Vermont's congressional delegation wrote in protest of the re-licensing, "It is hard to understand how the NRC could move forward with a license extension for Vermont Yankee at exactly the same time as a nuclear reactor of similar design is in partial meltdown in Japan."
Nevertheless, the 40-year-long campaign of petitions, rallies, legal challenges and civil disobedience has never been as close to success as now. Recently elected Democratic Gov. Peter Shumlin ran on a platform of closing Vermont Yankee and the Vermont Senate voted 33-11 to deny permission to Yankee for continued operation. For his part, Shumlin dismissed the NRC re-licensing as irrelevant because of a 2002 agreement Vermont signed with Entergy requiring state approval for operations past 2012.
Debra Stoleroff, an organizer with the Vermont Yankee Decommissioning Alliance, is optimistic that Entergy will close the nuke. But though the Vermont Senate shows no signs of backing down on its vote to close Yankee, says Stoleroff, opponents need to keep up the pressure on legislators because "you can't underestimate Entergy."
Others are less confident.
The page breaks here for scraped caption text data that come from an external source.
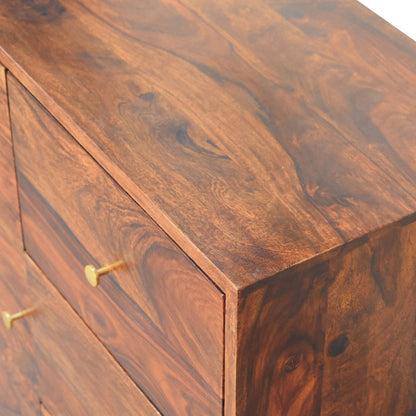 Tula Mini Sideboard. 100% Solid Mango Wood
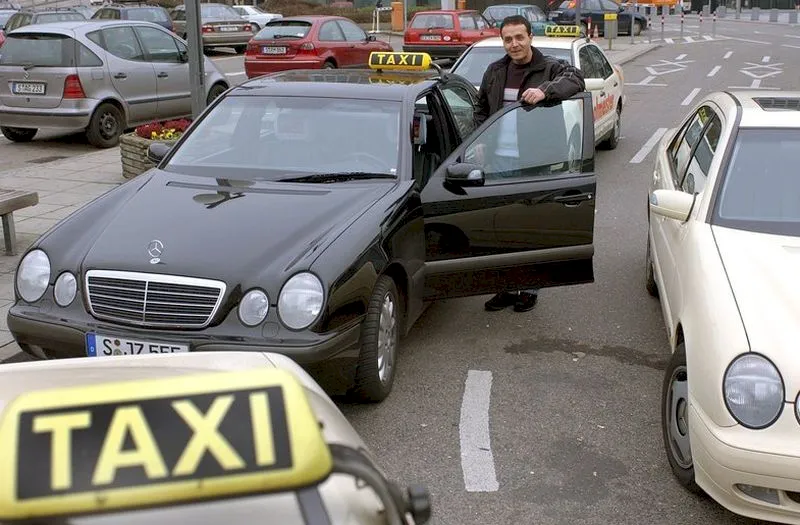 Taxi ở Đức chủ yếu là Mercedes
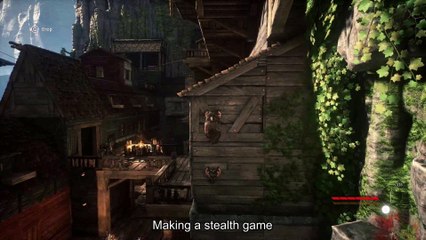 Styx Shards of Darkness : Création du héros - Making of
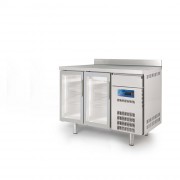 Arrière-bar réfrigéré avec porte vitrée - Capacité (L) : De 325 à 684 -  Certifié  ISO 9001 et ISO 14001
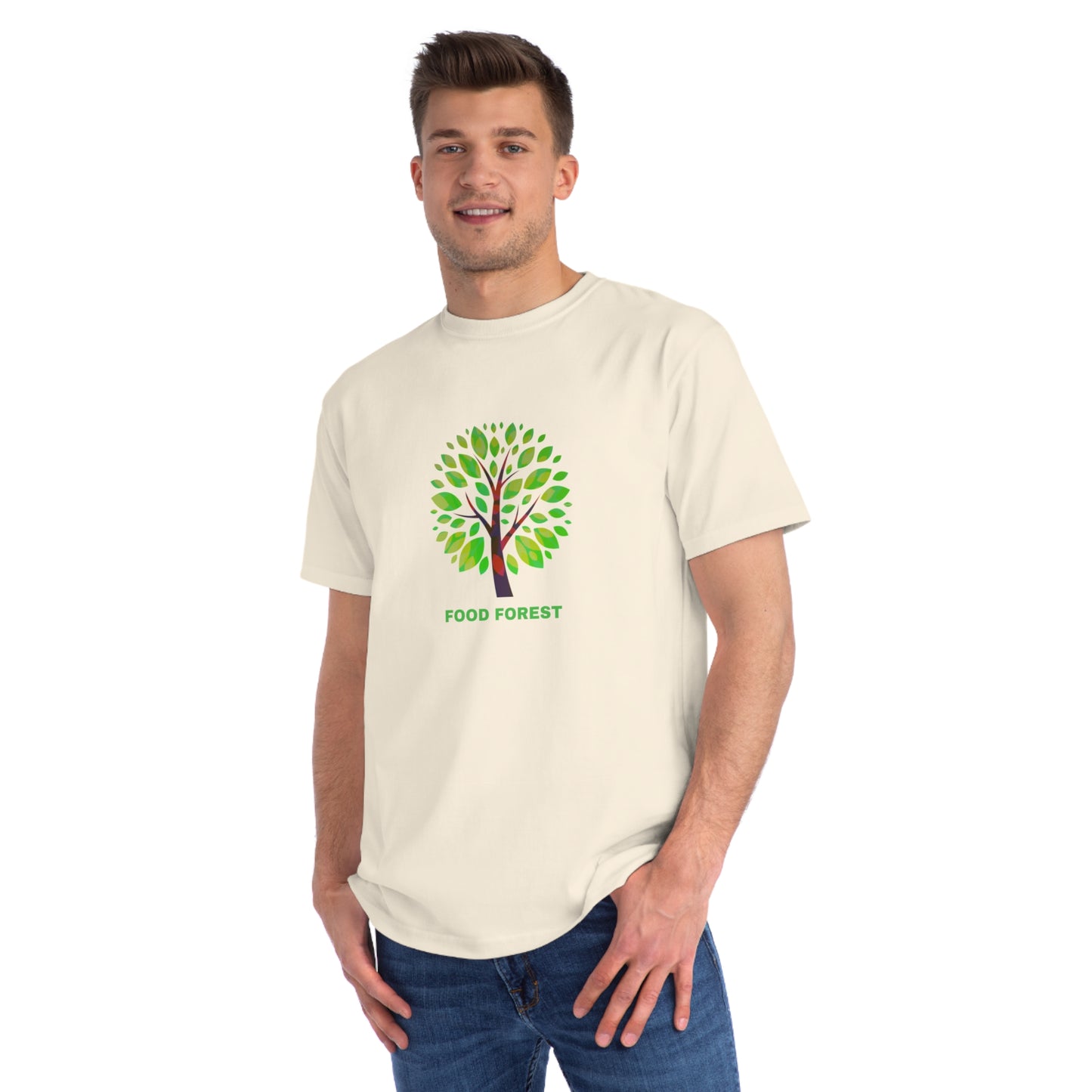 Organic Unisex Classic T-Shirt, FOOD FOREST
Clay Turnball is an activist with the New England Coalition on Nuclear Pollution, a group that has been fighting Vermont Yankee owners since 1971 over unsafe operation of the reactor.
Turnball notes that there are signs in Entergy's communications with state regulators that it may contest Vermont's jurisdiction over plant operations--opening the door to federal preemption of Vermont's ability to force the plant to close. If the battle ends up in federal courts, Turnball fears that the state wouldn't prevail. He thinks the NRC won't reverse its position on re-licensing and close the plant, because "that would be an admission that Vermont Yankee is not safe."
WHEN THE plant does eventually close, there are big questions about what happens then. Instead of the immediate clean-up called for by anti-nuclear activists, says Stoleroff, Entergy plans a so-called "safe store," which means mothballing the plant for 30 years. Yankee currently keeps more spent fuel rods accumulated beside the reactor on the banks of the Connecticut River than are at the damaged Fukushima plant. According to a Nation report:
Spent fuel pools at Fukushima are not equipped with backup water-circulation systems or backup generators for the water-circulation system they do have. The exact same design flaw is in place at Vermont Yankee, a nuclear plant of the same GE design as the Fukushima reactors. At Fukushima, each reactor has between 60 and 83 tons of spent fuel rods stored next to them. Vermont Yankee has a staggering 690 tons of spent fuel rods on site.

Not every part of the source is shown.